Create embeddings in SQL2025-John Liu Blog

SQL2025 has the ability to use local ONNX model on the server to create embeddings. Following are steps for configuration.

1. If this feature is still developer preview feature, run following SQL scrit to enable preview features

ALTER DATABASE SCOPED CONFIGURATION SET PREVIEW_FEATURES = ON;

2. Enable AI runtime on SQL2025

EXEC sp_execute 'external AI runtime enabled',1;
RECONFIGURE WITH OVERRIDE;

3. Set up the ONNX runtime library

Create a local folder, say C:\onnx_runtime, to store the runtime libarary files. Then download the ONNX runtime, and unzip and copy the onnxruntime.dll (located in the lib directory) to C:\onnx_runtime foder.

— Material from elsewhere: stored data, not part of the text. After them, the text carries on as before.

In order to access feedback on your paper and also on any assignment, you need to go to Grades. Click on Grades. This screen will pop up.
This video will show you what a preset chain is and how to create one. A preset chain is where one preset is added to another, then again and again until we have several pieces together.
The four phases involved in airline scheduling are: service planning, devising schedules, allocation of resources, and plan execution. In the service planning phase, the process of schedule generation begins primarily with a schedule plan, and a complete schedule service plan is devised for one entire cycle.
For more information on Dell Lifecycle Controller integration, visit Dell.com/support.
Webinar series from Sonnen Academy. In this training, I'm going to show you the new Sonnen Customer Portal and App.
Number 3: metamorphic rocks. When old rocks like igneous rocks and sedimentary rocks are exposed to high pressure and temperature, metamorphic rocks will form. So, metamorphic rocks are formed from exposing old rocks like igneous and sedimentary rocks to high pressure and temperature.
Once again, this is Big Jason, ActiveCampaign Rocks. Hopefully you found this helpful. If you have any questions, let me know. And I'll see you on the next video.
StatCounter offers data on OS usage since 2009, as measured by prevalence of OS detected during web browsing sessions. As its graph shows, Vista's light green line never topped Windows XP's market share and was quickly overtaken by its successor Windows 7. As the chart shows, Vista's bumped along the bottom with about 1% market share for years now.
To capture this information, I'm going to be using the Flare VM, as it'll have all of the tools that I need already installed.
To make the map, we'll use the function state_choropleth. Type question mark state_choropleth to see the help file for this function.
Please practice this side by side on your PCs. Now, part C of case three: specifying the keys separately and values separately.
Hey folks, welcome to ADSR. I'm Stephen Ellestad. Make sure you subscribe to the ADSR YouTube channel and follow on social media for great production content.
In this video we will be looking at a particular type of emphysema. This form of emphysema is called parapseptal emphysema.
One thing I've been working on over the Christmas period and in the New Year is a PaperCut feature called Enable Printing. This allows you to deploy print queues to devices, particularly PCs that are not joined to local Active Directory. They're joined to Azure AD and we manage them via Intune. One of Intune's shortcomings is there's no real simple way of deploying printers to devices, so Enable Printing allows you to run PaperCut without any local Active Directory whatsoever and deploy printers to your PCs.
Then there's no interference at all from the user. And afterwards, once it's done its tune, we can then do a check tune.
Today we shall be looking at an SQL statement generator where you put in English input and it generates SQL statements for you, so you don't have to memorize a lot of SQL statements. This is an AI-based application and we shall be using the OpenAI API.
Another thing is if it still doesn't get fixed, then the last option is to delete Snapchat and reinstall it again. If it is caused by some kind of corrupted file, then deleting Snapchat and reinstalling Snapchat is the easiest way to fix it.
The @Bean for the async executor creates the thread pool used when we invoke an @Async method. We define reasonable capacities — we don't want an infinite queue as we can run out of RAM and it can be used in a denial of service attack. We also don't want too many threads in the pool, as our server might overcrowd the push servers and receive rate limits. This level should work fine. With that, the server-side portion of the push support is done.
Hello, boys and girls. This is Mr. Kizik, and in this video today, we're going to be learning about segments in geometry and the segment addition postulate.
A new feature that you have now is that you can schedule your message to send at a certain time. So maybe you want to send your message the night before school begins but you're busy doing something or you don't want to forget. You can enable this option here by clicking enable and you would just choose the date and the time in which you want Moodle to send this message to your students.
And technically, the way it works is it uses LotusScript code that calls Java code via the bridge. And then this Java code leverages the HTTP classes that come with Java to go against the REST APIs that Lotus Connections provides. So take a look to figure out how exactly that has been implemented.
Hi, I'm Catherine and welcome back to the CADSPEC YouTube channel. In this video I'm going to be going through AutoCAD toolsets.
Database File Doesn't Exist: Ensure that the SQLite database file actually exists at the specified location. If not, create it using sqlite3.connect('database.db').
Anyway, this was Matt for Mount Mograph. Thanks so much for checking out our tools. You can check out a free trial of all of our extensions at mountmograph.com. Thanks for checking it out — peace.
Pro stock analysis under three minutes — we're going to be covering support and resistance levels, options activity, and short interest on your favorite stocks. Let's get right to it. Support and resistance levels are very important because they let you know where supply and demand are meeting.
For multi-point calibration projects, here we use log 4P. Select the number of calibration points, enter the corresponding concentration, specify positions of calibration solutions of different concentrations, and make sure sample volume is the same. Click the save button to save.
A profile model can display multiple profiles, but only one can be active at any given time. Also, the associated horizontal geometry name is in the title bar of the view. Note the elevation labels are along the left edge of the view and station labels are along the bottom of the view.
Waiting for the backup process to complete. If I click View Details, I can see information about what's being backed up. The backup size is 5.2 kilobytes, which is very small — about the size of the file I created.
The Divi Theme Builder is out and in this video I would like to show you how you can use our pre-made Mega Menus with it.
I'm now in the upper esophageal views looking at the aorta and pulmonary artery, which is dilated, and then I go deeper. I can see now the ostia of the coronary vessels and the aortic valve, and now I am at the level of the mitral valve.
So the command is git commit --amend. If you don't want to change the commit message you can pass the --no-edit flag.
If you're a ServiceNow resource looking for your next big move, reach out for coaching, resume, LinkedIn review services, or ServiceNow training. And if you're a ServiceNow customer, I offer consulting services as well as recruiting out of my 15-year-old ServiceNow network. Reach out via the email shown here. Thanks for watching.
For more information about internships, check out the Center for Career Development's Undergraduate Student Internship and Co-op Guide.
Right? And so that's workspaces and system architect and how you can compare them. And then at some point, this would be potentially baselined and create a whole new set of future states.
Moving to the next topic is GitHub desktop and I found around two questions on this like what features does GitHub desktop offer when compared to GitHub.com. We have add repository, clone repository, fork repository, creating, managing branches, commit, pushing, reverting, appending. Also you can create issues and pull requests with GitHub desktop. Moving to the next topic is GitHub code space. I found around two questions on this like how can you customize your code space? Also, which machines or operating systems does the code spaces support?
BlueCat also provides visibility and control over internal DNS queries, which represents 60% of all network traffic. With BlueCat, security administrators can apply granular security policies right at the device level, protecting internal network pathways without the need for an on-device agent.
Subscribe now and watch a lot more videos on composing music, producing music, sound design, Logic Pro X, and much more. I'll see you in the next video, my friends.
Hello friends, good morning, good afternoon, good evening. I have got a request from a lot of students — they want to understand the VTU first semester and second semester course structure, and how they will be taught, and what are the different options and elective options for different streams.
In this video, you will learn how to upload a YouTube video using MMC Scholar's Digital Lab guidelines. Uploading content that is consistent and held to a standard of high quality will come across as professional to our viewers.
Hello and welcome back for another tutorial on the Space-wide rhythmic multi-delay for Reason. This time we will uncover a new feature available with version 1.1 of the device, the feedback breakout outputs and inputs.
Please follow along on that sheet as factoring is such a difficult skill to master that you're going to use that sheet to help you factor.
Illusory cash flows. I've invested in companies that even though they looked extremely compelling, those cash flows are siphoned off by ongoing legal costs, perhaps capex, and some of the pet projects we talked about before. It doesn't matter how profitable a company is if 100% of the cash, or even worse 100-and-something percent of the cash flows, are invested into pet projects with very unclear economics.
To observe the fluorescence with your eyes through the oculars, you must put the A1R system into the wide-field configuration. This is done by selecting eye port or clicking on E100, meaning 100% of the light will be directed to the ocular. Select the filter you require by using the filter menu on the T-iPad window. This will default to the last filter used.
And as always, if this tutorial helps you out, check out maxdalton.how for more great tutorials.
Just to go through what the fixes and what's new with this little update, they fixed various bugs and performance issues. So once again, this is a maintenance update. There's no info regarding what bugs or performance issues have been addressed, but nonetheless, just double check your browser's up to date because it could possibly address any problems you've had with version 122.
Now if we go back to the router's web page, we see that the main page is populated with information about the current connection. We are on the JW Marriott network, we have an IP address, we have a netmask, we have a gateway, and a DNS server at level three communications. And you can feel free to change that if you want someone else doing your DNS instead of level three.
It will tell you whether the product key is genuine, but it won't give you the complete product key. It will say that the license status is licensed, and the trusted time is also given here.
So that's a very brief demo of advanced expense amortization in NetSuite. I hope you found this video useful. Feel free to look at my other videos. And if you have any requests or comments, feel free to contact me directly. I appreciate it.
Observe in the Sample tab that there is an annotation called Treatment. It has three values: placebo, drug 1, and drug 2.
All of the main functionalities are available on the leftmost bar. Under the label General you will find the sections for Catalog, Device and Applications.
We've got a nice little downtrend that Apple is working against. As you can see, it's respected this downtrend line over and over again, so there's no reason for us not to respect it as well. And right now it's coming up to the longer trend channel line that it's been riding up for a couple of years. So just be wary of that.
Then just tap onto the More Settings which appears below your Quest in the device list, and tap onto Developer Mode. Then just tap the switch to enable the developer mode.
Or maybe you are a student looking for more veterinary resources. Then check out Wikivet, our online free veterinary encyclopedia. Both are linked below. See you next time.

4. Set up the tokenization library

Download and build the tokenizers-cpp libarary from GitHub. Once the dll is created, copy the tokenizer into C:\onnx_runtime foder. Ensure the dll is named tokenizers_cpp.dll. Or directly downloaded the compiled dll from here.

5. Download the ONNX model

Create folder C:\onnx_runtime\model. Clone the all-MiniLM-L6-v2-onnx model from Hugging Face to the model folder. You can use any other model.

The all-MiniLM-L6-v2-onnx model is a sentence-transformers model that maps sentences and paragraphs to a 384-dimensional dense vector space. It has a max sequence length of 256 tokens.

cd C:\onnx_runtime\model
git clone https://huggingface.co/nsense/all-MiniLM-L6-v2-onnx

6. Set directory permission

Grant access to the ONNX runtime directory to MSSQLLaunchpad user, for default instance, it’s MSSQLLaunchpad. For named instance, it’s MSSQLLaunchpad$, for example MSSQLLaunchpad$SQLExp_2025.

$AIExtPath = "C:\onnx_runtime";
$Acl = Get-Acl -Path $AIExtPath
$AccessRule = New-Object System.Security.AccessControl.FileSystemAccessRule('MSSQLLaunchpad', "FullControl", "ContainerInherit,ObjectInherit", "None","Allow")
$Acl.AddAccessRule($AccessRule)
Set-Acl -Path $AIExtPath -AclObject $Acl

7. Create the external model

The “PARAMETERS” value used here is a placeholder needed for SQL Server 2025.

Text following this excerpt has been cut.